→ Task description
Copy out the data below as written; omit any images.

→ The records
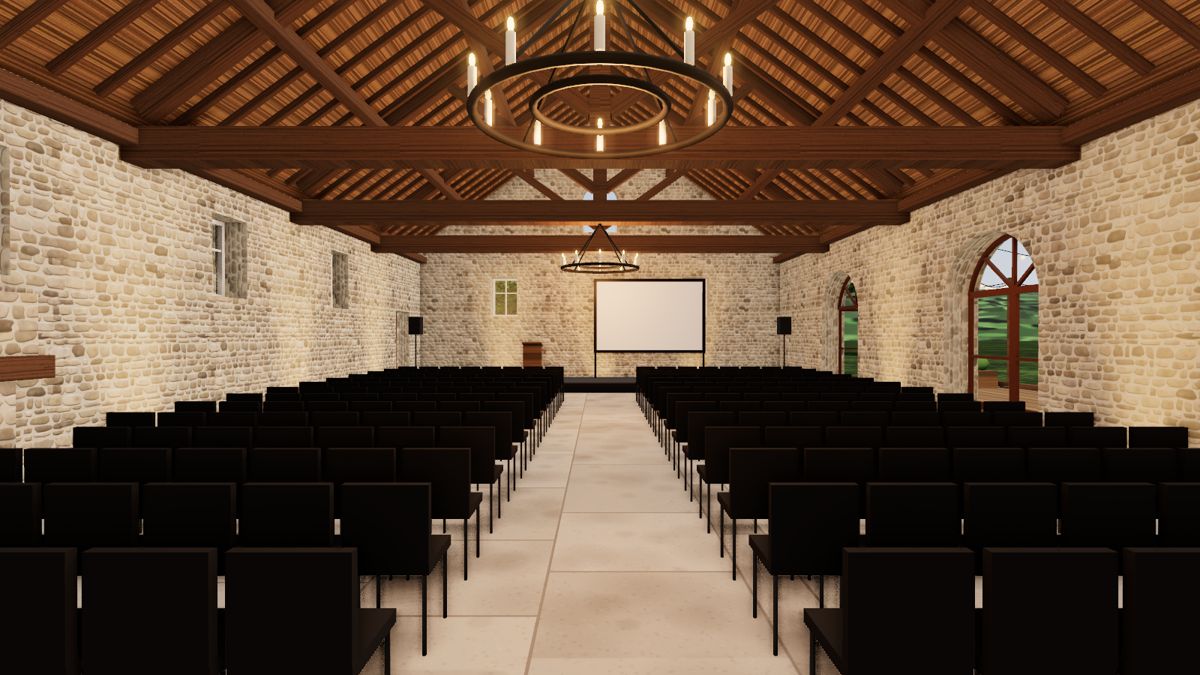 Salle de séminaire en configuration plénière, en 3D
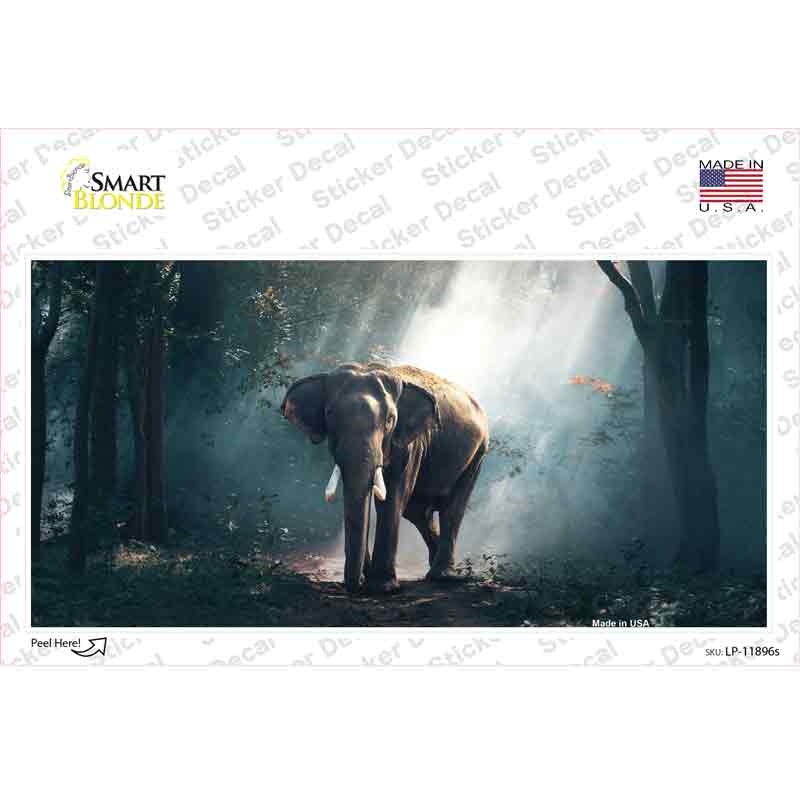 LP-11896s-M Elephant in the Woods Novelty Sticker Decal - Medium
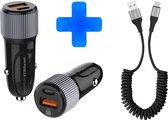 Autolader USB-A & USB-C met USB-C Oplaadkabel - Snellader -Krulsnoer - Uitrekbaar- Auto Lader - Sigarettenaansteker Oplader - Geschikt voor HTC Desire / Evo / One / HD / Nexus / Smart / Sensa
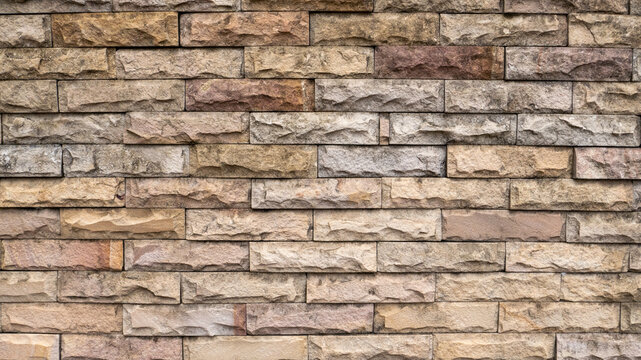 Close-up of horizontal modern brick wall for pattern and background.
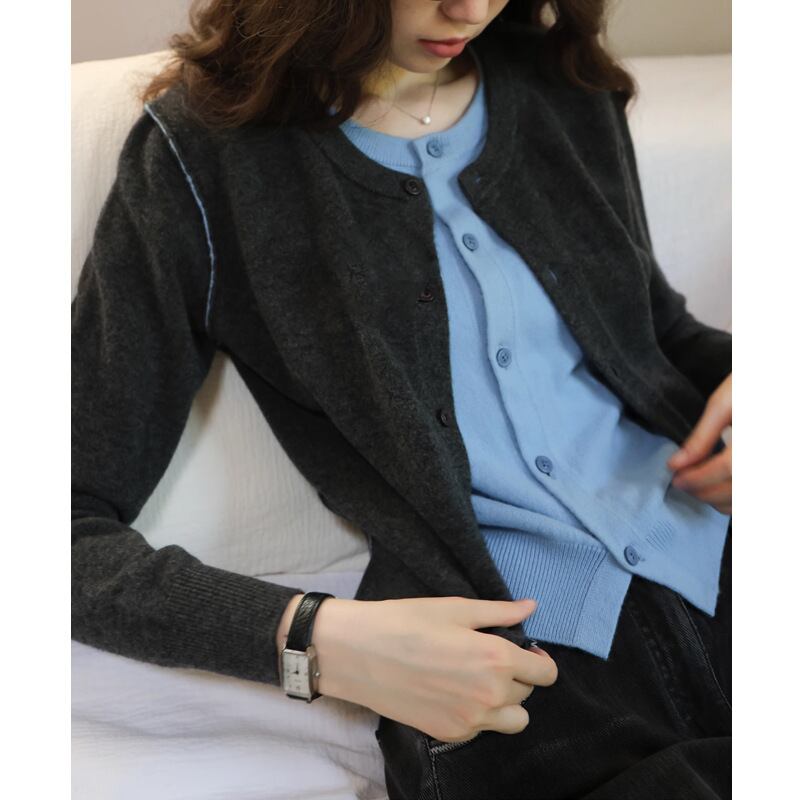 【outer】配色切り替えニットカーデ　M27310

→ Solution to this task
 Salle de séminaire en configuration plénière, en 3D
 LP-11896s-M Elephant in the Woods Novelty Sticker Decal - Medium
 Autolader USB-A & USB-C met USB-C Oplaadkabel - Snellader -Krulsnoer - Uitrekbaar- Auto Lader - Sigarettenaansteker Oplader - Geschikt voor HTC Desire / Evo / One / HD / Nexus / Smart / Sensa
 Close-up of horizontal modern brick wall for pattern and background.
 【outer】配色切り替えニットカーデ　M27310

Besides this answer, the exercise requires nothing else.